What the French do take seriously is the overall quality of life, more as something to debate about rather than boast about. As much as arriviste foreigners we look at France and revel in its positive contrast with the tattered putrefying carcass of our homeland that once was England, or the political dumpster fire of a gerontocracy in thrall of big business that the US has sunk to, the French always find something to complain about. This week, the French woman’s magazine ‘Femme Actuelle’ published its list of top 50 places to live in France as a woman. They used data from the Ministries of the Interior and Health but also from numerous agencies known intimately to the French but who remain to me just one of many confusing collections of initials, including INSEE and CAF. They evaluated the quality of life for women through the comparisons of factors such as health, access to housing, public transport, security, juvenile delinquency and even pollution. For each, they gathered the most relevant indicators, but Femme Actuelle admitted that this was not always easy. The data had to be available, reliable and comparable for all the competing cities. As an example, they could find no reliable publicly available measures of the share of green spaces or pedestrian zones available in a municipality, although, under certain conditions, women favor them. They finally selected twenty-one indicators, to which a weighting coefficient was applied, according to the importance the magazine attached to them, focused around 4 key axis to derive the final ranking: the provision of specific care, security, the living environment and the action of the municipal authorities. Lyon was happy to receive the fourth place in the ranking behind Strasbourg, Rennes and Bordeaux. Paris was 7th and in last place Perpignan, just behind monied Antibes in 49th. Lyon takes the green space and pedestrianization super seriously, so might probably have scored higher if that was one of the measurable common factors.

The French also take cheese seriously. As part of Charolles’ inaugural Gourmet Festival, “Les Rendez-vous Gourmands” there was an event hosted by our local L’atelier des fromages, the cheese workshop, which being out of Lyon for the week we took advantage of. This was in contrast to Maître Doucet, who hosted 3 four-handed dinners at his Michelin starred Maison Doucet, each one featuring a guest pair of hands from another 1 or 2-star chef. Those little beanfeasts were €250 a head, each one; so I would be intrigued to find out how many locals ponied up for more than one of these. Doucet is a relentless self-promoter, appearing on the French equivalent of Good Morning America, cooking Charolais beef during the recent Agricultural Foire in Paris. That was the one that Macron spent an unprecedented 14 hours at, to prove his ‘man of the people’ standing. I am sure Doucet has a well-heeled fan base who made the journey up from Lyon or down from Paris for the rendez-vous. He was there as the event was kicked off on the Wednesday morning, which coincided with the weekly market, so the town was bustling, even in the incessant rain. They had drinks and folk music and the local folk culture society, Les Gâs du Tsarollais turned out in their peasant costumes of yore, which for some reason seem to include fur coats.

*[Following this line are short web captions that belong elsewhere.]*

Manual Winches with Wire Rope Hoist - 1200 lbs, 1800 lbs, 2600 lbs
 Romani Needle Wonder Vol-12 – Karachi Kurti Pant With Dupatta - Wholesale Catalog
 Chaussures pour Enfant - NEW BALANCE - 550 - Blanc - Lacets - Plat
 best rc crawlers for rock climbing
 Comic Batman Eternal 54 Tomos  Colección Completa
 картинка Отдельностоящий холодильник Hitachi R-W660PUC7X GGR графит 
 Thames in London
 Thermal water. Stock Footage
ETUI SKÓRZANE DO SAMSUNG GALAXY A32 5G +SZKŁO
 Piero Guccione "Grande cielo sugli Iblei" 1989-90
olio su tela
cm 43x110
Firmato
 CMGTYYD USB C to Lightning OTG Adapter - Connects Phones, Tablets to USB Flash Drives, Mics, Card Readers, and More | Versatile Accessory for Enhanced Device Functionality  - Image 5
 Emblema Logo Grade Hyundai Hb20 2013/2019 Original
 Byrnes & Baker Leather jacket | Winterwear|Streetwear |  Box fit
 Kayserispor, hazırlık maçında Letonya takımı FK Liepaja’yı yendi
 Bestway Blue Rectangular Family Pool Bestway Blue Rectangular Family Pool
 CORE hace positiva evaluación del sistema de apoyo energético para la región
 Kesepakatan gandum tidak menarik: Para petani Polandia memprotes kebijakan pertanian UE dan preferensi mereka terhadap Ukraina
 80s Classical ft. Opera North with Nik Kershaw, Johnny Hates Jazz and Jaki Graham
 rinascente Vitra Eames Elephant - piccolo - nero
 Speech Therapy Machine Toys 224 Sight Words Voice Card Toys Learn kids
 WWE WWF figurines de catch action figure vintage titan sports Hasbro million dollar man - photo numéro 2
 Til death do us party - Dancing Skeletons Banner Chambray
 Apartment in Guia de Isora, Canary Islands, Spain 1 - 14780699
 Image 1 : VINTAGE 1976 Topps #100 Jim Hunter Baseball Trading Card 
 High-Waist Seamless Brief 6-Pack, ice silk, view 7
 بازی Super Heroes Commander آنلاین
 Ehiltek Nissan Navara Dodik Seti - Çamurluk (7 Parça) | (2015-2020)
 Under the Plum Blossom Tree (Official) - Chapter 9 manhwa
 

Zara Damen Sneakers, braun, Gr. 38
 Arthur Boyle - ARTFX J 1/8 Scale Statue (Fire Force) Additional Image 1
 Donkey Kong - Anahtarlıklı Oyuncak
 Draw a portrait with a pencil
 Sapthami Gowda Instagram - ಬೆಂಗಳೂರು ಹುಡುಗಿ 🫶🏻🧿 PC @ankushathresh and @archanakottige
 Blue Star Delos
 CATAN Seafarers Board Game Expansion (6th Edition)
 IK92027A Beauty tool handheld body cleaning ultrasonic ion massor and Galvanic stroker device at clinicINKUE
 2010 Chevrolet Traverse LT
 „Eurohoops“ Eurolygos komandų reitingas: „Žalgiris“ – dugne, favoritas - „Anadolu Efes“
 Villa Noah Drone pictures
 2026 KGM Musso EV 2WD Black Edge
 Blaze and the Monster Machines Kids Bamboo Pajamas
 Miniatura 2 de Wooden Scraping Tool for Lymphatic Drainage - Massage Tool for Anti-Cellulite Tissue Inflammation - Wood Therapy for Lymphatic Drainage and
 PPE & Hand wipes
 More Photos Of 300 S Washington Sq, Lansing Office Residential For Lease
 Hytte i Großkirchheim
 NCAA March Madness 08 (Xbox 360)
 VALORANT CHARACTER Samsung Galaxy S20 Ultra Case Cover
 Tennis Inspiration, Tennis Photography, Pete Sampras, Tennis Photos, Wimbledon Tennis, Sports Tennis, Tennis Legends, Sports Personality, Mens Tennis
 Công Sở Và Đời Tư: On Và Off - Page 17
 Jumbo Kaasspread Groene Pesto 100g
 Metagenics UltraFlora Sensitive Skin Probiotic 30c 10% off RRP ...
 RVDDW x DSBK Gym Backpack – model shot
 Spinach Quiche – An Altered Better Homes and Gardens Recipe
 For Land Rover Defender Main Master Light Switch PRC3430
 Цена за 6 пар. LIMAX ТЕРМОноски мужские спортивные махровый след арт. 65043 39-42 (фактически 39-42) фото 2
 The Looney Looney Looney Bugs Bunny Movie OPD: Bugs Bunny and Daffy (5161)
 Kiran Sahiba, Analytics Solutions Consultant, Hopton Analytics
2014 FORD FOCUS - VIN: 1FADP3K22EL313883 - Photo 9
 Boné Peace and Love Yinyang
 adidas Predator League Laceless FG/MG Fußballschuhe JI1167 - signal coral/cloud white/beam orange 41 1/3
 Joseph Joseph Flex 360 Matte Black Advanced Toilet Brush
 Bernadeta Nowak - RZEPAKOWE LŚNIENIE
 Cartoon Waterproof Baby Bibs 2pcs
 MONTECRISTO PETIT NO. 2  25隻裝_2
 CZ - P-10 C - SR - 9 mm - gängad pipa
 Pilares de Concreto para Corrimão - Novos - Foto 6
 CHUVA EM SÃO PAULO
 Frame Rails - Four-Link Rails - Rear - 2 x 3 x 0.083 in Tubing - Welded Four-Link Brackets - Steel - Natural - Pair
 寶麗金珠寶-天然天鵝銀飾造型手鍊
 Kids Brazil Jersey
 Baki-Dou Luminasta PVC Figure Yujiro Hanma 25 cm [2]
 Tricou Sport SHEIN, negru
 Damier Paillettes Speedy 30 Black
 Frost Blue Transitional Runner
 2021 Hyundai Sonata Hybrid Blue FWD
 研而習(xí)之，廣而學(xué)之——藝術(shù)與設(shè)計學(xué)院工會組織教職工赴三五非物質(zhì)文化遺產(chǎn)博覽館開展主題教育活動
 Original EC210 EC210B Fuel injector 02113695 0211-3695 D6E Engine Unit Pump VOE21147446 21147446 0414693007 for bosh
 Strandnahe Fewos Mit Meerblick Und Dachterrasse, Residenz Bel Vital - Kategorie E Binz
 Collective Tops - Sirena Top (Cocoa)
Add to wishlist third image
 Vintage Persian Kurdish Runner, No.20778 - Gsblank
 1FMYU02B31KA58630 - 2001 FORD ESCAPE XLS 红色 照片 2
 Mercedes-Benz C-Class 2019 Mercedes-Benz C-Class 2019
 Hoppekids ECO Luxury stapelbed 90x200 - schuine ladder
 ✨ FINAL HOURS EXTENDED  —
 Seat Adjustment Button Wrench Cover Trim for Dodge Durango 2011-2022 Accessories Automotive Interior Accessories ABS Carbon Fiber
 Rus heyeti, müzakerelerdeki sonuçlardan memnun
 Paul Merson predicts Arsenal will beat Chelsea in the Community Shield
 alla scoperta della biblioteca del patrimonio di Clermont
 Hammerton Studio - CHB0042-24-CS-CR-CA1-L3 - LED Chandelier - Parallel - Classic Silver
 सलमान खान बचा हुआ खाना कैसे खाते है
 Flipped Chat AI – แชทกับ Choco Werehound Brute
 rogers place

He is a good chap, our cheese guy, literally as his name is Bonhomme. He provided an “Atelier Brasero Autour Du Fromage” of 5 courses with drinks included for €30 a head. The rain and wind fortuitously decided to bugger off that Thursday morning, and so we had a warm spring evening around the Brasero, tucked away in the alley between the cheese shop and Place Baudinot. The Brasero for the unitiated, (myself included before the evening) is a large circular wood-fired grill with cast iron cooking surfaces above and surrounding the vented fire box.

We were welcomed to start the evening with a selection of cheese appetizers with a local Blonde beer. Each of the cheeses was given a formal introduction by Pierre Bonhomme, all examples were Fromage Fermier, which is a subtle but critical distinction. This means it is made on a farm and not in a large dairy, it brings a link directly from the animals raised to provide the milk, the land they graze on and the hands that work the cheese. We had a winter’s milk Beaufort, a fruity Comté (16 month old), a local Charolles AOP goat cheese and a mild sheep’s milk blue cheese.

The Brasero kicked into action and we had local beef grilled then bathed in an oil-based dressing of garlic, wild thyme and local honey. It was served with a slice of another Charolles goat-cheese and drizzled with honey and served with a White organic St Veran, which is the closest quality white wine to us. Pierre explained that Charolles as a AOP, appelation d’origine protégée, has one of the highest proportion of fermier producers, with each hustling to make the little towers of cheese, supposedly inspired by the Tour De Charles le Temeraire; it takes 3 liters of milk to make 1 Kg of cheese.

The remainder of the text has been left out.